5月に上院で可決された別の決議は大統領署名の対象になる形式でした。ただし両院の民主党は単一の両院合同案にはまだ収束しておらず、トランプ氏の机まで届いて拒否権の応酬に持ち込める案は存在しません。したがって火曜日の投票は、共和党内で「長期化するイラン軍事関与をめぐってトランプ氏と袂を分かつ覚悟がある議員は誰か」をあぶり出す点呼のような意味合いになります。政治的シグナルとしては有用、法的レバーとしては無力、というところです。

なぜ重要か

現職大統領に対する超党派の戦争権限への異議申し立ては多くありません。議会の承認なしには大統領が60日以内に部隊を敵対行為から引き揚げなければならないと定めた1973年戦争権限法(War Powers Resolution)成立以降、下院がこの種の動きを取ったのは数えるほどです。同じ決議が3回否決された末に共和党から4人が同調したという事実は、戦争が4か月目に入り、特に接戦区選出議員の間で共和党の忍耐が限界に達しつつあるシグナルとして読めます。FitzpatrickとBarrettは再選が厳しい選挙区を抱え、DavidsonとMassieは外交問題で党指導部としばしば衝突してきた経歴があります。

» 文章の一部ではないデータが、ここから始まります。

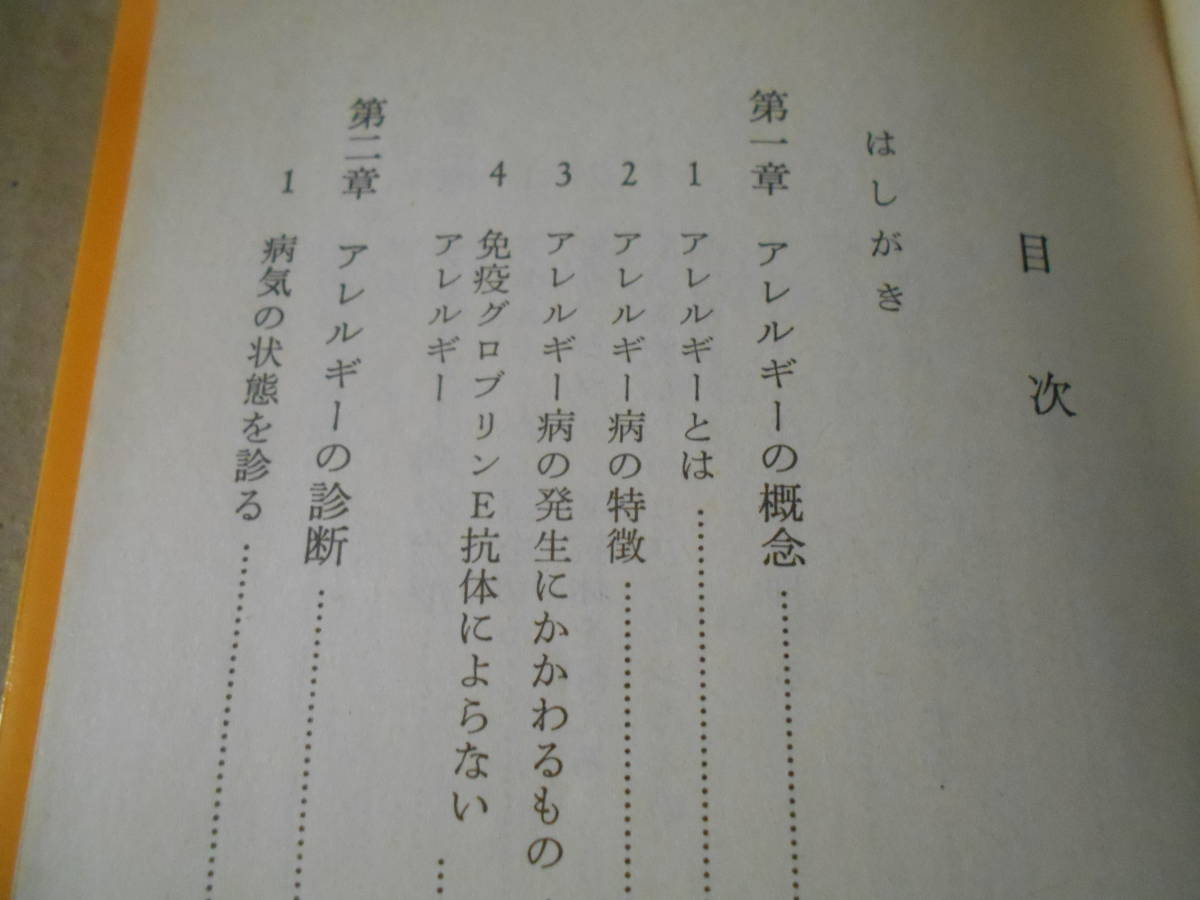 ◎アレルギーの話　矢田純一著　岩波新書　岩波書店　1985年発行　第１刷　中古　同梱歓迎　送料185円　_画像7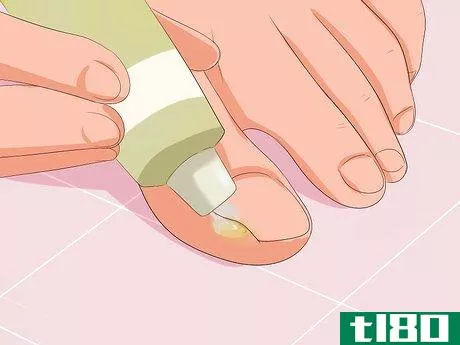 Image titled Remove Infection from an Ingrown Toenail Step 3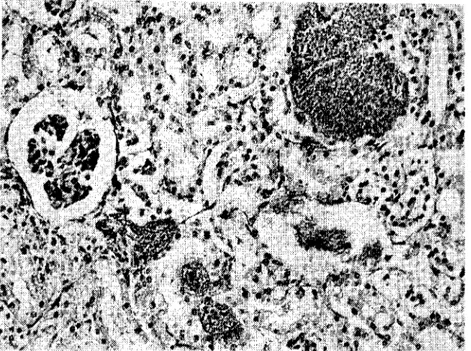 Şekil 4. Böbrekte intcrtubuler kapillarıarı tıkamış bakteri kolonileri. HxE x225 (Bacterial colonization in the intertubular capillaries of the kidney)
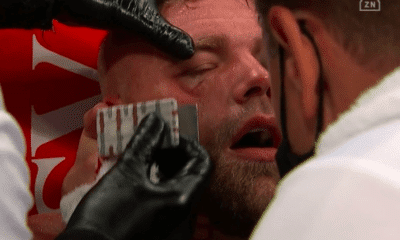 Billy Joe Saunders Has Fractured Orbital, Needs Surgery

トランプ氏にとっては政治的ダメージであって、作戦上のダメージではありません。下院外交委員長のBrian Mast議員(R-FL)は今回の投票を「イランと交渉中の大統領の手を弱める愚かな政治的投票だ」と一蹴し、Marco Rubio国務長官もテヘランがこれを「米国の手が縛られるサイン」と受け取るだろうと警告しました。一方で民主党にとっては中間選挙向けの分かりやすい攻撃材料がひとつ増えた形です。4度目の挑戦でようやく決議が通ったのに、政権の反応は「議会は関係ない」だったのですから。

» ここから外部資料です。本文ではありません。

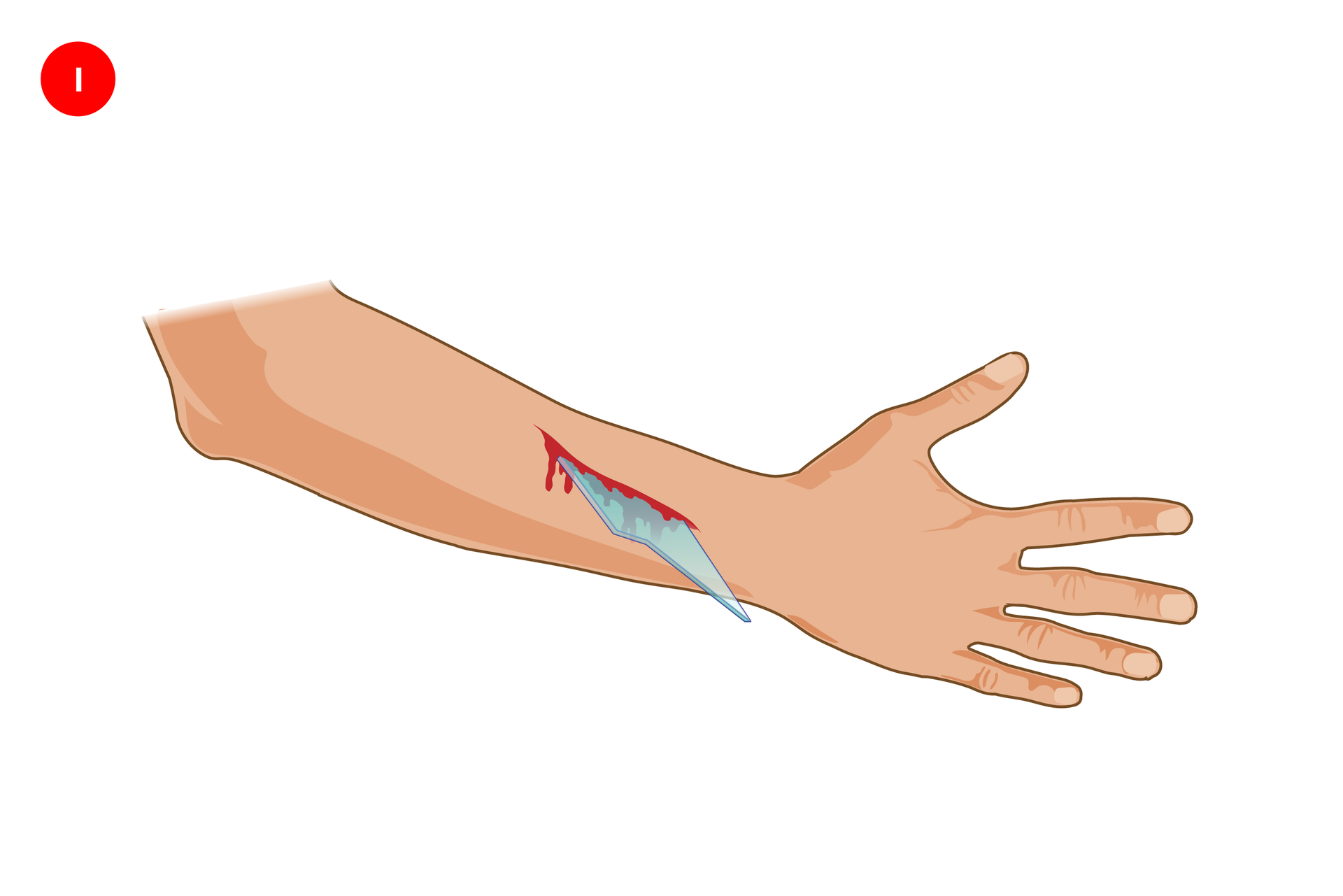 Ilustracja prezentująca sposób opatrywania rany z ciałem obcym. Prawa ręka skierowana zewnętrzną stroną do obserwatora, z wyprostowanymi palcami po prawej stronie. Powyżej nadgarstka podłużne miejsce zranienia ze wbitym kawałkiem szkła tkwiącym pionowo w ranie.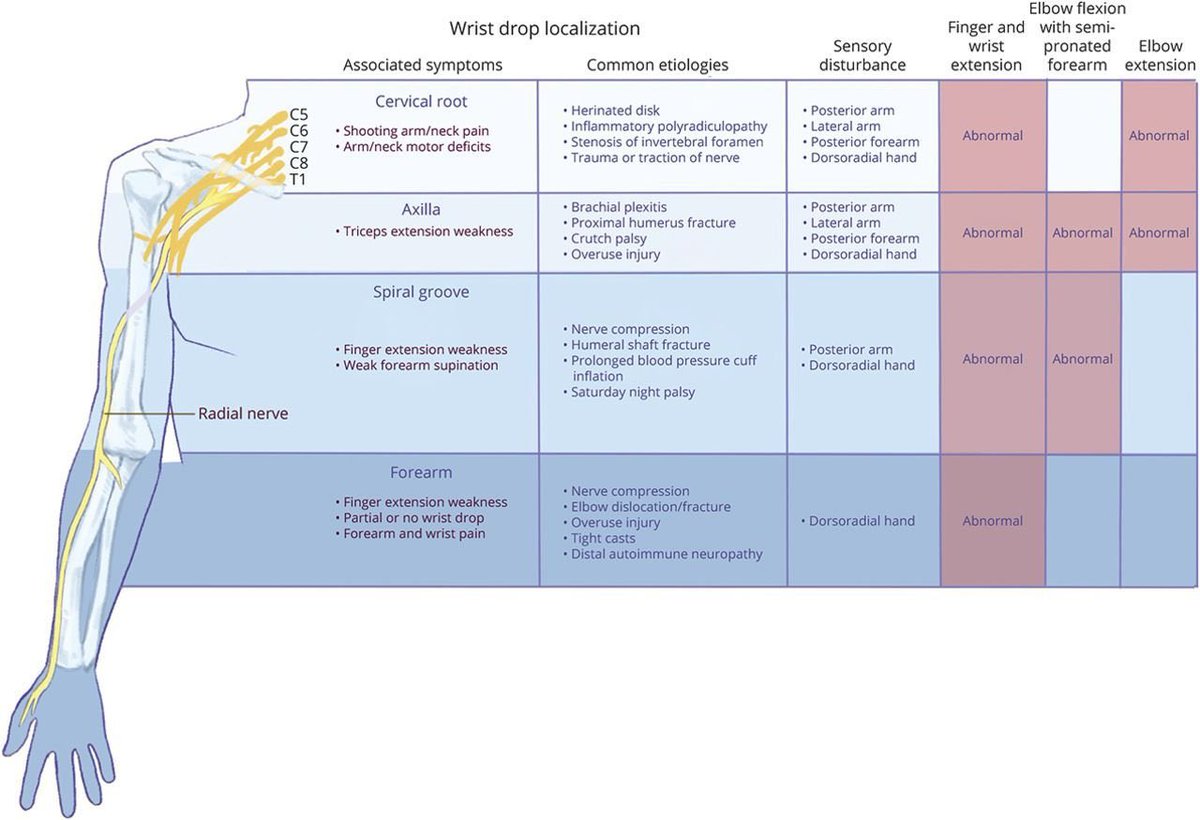 📍 localization and assessment of wrist drop 👌👇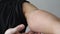 Japanese man\'s arm with rough skin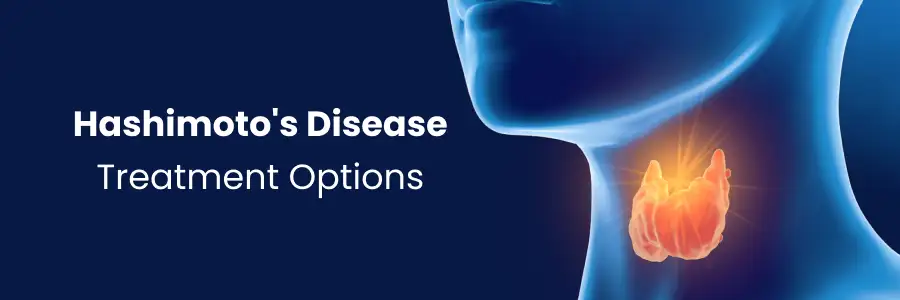 Hashimoto's Disease Treatment Options in Begumpet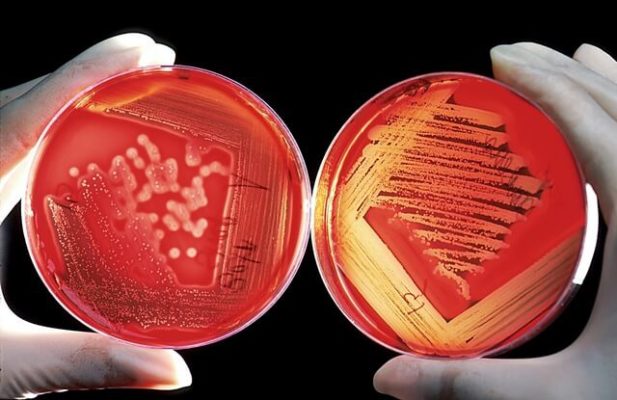 Entenda A Função Do Ágar Bacteriológico E Como é Usado | Prolab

アヤトラ・ハメネイ師の肖像画の下、テヘランで夜間集会に集まりイラン国旗を振る群衆。
出典: Fox News

今後の注目ポイント

次の焦点は、上院多数党院内総務のJohn Thune氏と下院少数党院内総務のHakeem Jeffries氏が「両院合同決議(joint resolution)」で歩み寄れるかどうかです。合同決議は大統領の机に届く形式で、トランプ氏は署名か拒否権か、あるいは時間切れによる成立か、いずれかを選ばざるを得なくなります。6月中に上院が再投票に踏み切るのか、5月の票決で賛成したRand Paul氏やLisa Murkowski氏といった共和党議員のスタンスが維持されるのかが見どころです。合同決議1本で戦争が終わるわけではありませんが、トランプ氏の二期目に入ってから初めて、彼が始めた戦争をめぐる議会と大統領の拒否権攻防が始まる舞台が整うことになります。